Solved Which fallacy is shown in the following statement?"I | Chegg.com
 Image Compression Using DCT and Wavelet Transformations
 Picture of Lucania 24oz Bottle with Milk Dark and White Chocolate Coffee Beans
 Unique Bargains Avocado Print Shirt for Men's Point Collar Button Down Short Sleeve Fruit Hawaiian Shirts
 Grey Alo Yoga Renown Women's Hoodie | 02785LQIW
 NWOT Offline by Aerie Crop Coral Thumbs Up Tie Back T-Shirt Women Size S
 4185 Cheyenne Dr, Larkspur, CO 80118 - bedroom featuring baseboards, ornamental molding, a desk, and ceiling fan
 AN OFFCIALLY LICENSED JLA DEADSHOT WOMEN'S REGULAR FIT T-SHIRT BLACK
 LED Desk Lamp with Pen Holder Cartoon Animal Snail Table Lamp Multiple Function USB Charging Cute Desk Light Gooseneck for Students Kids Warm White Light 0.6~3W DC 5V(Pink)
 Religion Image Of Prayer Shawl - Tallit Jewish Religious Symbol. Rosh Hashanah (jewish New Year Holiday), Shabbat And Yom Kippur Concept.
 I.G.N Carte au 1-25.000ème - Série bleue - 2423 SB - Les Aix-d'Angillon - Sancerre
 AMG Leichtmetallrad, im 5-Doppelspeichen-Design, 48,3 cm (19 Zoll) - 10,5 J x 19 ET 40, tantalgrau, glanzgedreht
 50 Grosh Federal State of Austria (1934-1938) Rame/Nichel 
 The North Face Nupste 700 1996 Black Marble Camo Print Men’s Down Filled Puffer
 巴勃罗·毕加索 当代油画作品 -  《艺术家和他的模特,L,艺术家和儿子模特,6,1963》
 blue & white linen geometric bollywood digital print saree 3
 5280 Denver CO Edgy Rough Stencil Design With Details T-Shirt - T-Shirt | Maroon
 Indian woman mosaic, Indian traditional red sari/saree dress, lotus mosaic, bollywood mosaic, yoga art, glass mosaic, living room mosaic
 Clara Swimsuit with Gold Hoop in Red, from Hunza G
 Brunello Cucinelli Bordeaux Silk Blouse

****************************************

What needs to be done: The answer is each line in which the word "bollywood" occurs, copied from the material above.

Solution to this exercise:
 blue & white linen geometric bollywood digital print saree 3
 Indian woman mosaic, Indian traditional red sari/saree dress, lotus mosaic, bollywood mosaic, yoga art, glass mosaic, living room mosaic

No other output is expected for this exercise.